Tag Archives: funding

Inspire A Generation

Wow! What an amazing couple of weeks we’ve had with the Olympics. I don’t know about you, but I’ve definitely been inspired to get my trainers on and get out the door. And from what I’ve been seeing on Twitter, so have lots of young people. Fantastic! Now, if only we can think sensibly about how to move this forward, especially in the wake of the news that lots of schools have sold off their playing fields…
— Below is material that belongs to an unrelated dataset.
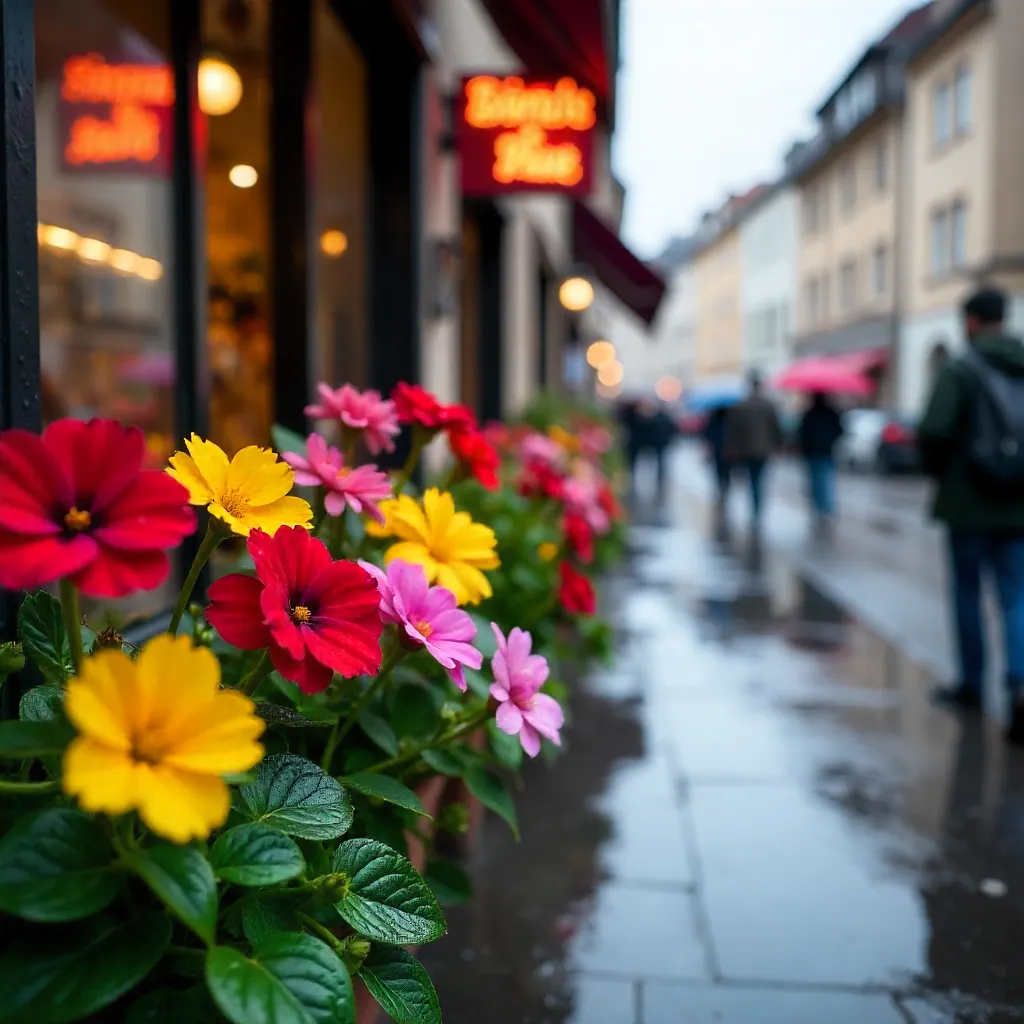 Vibrant Flowers on a Rainy Stuttgart Street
1. Schools. We need to stop thinking schools are the answer to everything. they aren’t. Young people are in only in school for a certain amount of time. They are not solely responsible for raising a child. Yes they play a massive role and have a huge responsibility, but they can’t do it on their own. They don’t have the time or the funding and have a huge number of issues to contend with such as timetables and resources. It is essential that we instill in young people the importance of an active healthy lifestyle. They need to associate wellness and health with a balanced lifestyle and diet. They need to know how to fit that in with their academic work. However, one of the problems is that schools cannot accommodate all types of sport. They don’t have the facilities for everyone to have a go at rowing or archery or cycling. Some will, most won’t. They don’t have the funds to access these for every students. It’s just the way it is. So how can this be rectified?

2. Community. Where are there are rowing clubs for example, they need to get into schools and publicise what they have on offer. The community needs to pull together and work with schools to help young people get involved and stay involved. They’ll need funding and this won’t always be easy to come by but if everyone pulls together, fund raises, bids for anything and everything they can, then something might be able to work. Community sports groups will need help from schools and possibly the most important group of all.
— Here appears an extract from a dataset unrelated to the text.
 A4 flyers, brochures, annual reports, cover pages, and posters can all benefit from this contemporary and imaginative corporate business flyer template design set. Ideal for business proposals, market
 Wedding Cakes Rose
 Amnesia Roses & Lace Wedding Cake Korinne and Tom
3. Parents. So many athletes during London 2012 thanked their parents for their support. So parents, please don’t underestimate how important you are. You are essential, whether your child is going to be the next Jessica Ennis or not. You need to show the type of balanced lifestyle that schools are being told to instill in young people, but if you aren’t doing that, it will be difficult for most children to see it working. Are you eating your five a day? Do you wear a cycle helmet while out on your bike? Children emulate what their parents do – we learn everything from tolerance to money lessons to eating habits from our parents, no matter what schools do. It’s parents who drive their children to the swimming pool. It’s parents who will buy the boxing gloves and mouth shields. Are you inspired to help your child become the next Nicola Adams?
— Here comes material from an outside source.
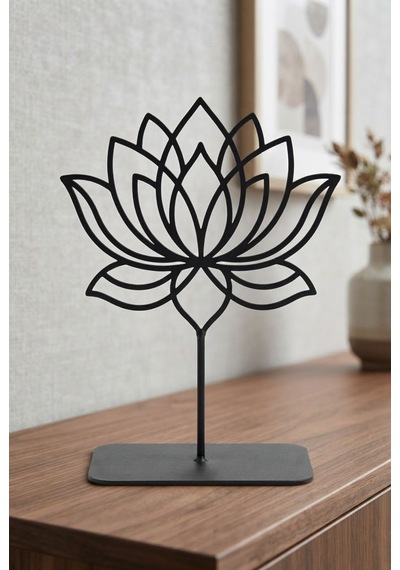 Metal Lotus Çiçeği Masaüstü Heykel Dekoratif Obje Siyah Aksesuar Metal Dekoratif Biblo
Each group cannot work independently and succeed. They all need to work together if the inspiration from London 2012 is going to have any kind of longevity. I think it can succeed. The Paralympics will only increase the inspiration, as these superhuman athletes achieve beyond expectation. We as communities, as a society and as a nation need to do what we can to encourage these seeds of inspiration to grow. We can’t rely on the Government or even the athletics association. Money is tight. Resources are tight. But if we want to have the same buzz we had this summer in four years time, we need to pull together.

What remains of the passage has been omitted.